The team used a virtual reality setup in which participants embodied an avatar whose left forearm was replaced by a robotic prosthetic arm. In this scenario, the prosthetic forearm flexed automatically toward a target rather than being driven directly by the user's commands. By presenting this reaching task repeatedly while systematically varying the arm's movement duration, the researchers could isolate how different speeds influence embodiment and impressions of the robot.

Movement duration was adjusted across six levels, ranging from a very rapid 125 milliseconds to a slow 4 seconds. After each condition, participants provided ratings of body ownership, which reflects how much the prosthetic felt like part of their own body, and sense of agency, which captures how much they felt in control of the movement. They also evaluated usability using the System Usability Scale and judged the robot's social characteristics with the Robotic Social Attributes Scale, including competence, warmth, and discomfort.

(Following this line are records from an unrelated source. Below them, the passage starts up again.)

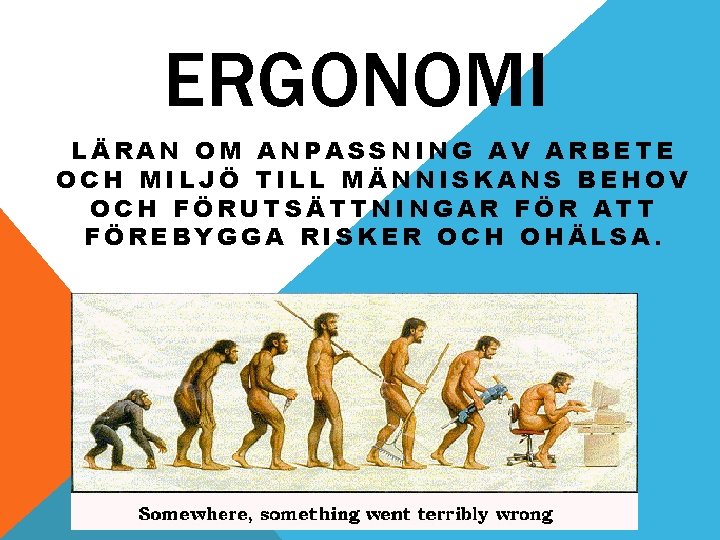 ERGONOMI LÄRAN OM ANPASSNING AV ARBETE OCH MILJÖ TILL MÄNNISKANS BEHOV OCH FÖRUTSÄTTNINGAR FÖR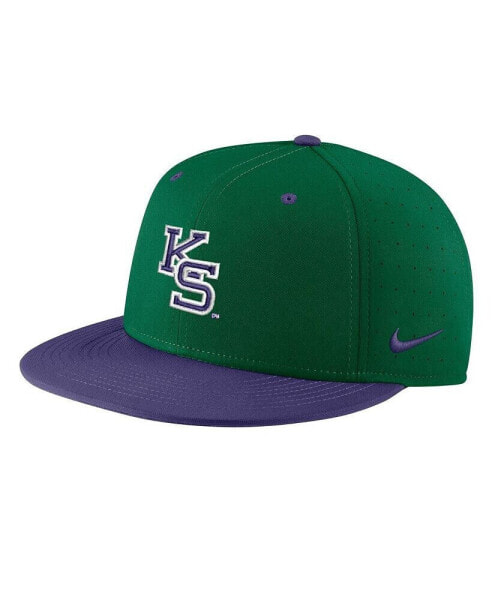 Men's Green Kansas State Wildcats Aero True Baseball Performance Fitted Hat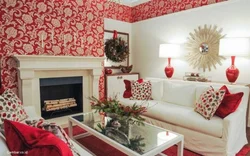 Red And White Living Room Design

A clear pattern emerged from these tests. When the arm moved at a moderate speed corresponding to about 1 second of movement duration, participants reported the highest levels of body ownership, sense of agency, and usability. This speed is close to natural human reaching movements, suggesting that matching everyday motor patterns helps an autonomous prosthesis feel more like a genuine limb and less like an external machine.

At the extremes, embodiment and usability suffered. In the fastest condition at 125 milliseconds and in the slowest condition at 4 seconds, ratings of body ownership, agency, and usability all dropped significantly. These findings indicate that both overly hasty and sluggish autonomous motions can make a prosthetic limb feel less like part of the body and more like an awkward or unsettling tool, even when its goal is clear.

Social impressions of the prosthetic arm also depended on speed. Perceived competence was higher at moderate and slightly faster movement speeds, aligning with the idea that swift, efficient actions can make a robot appear capable. However, discomfort ratings peaked under the fastest movement condition, highlighting a tradeoff between efficiency and ease of acceptance. Warmth, another social attribute, showed no strong dependence on speed, implying that timing alone does not make the arm seem more or less friendly.

The study adds to earlier work showing that autonomous body movements are more acceptable when their goals and intentions are easy to understand. Here, by holding the task goal constant and varying only movement duration, the researchers demonstrated that timing itself is a powerful design parameter for future AI enabled prostheses. Simply pushing for maximum speed and precision may not be sufficient if the resulting behavior clashes with users' expectations for how their own bodies should move.

These insights extend beyond prosthetic arms to a wider class of technologies that augment or extend the human body. Supernumerary robotic limbs, exoskeletons, and wearable robots all rely on coordinated interactions with the user and often perform semi-autonomous actions. Designing their motion profiles to align with human movement patterns could support stronger embodiment, better usability, and more positive social impressions in daily life.

Looking to the future, the researchers plan to investigate how long-term experience changes embodiment of autonomous robotic body parts. People often come to experience familiar tools as if they were extensions of their own bodies, and similar adaptation might occur with fast and accurate robotic limbs through continuous use. Over time, behaviors that initially felt too quick or too independent could become normal and easier to accept.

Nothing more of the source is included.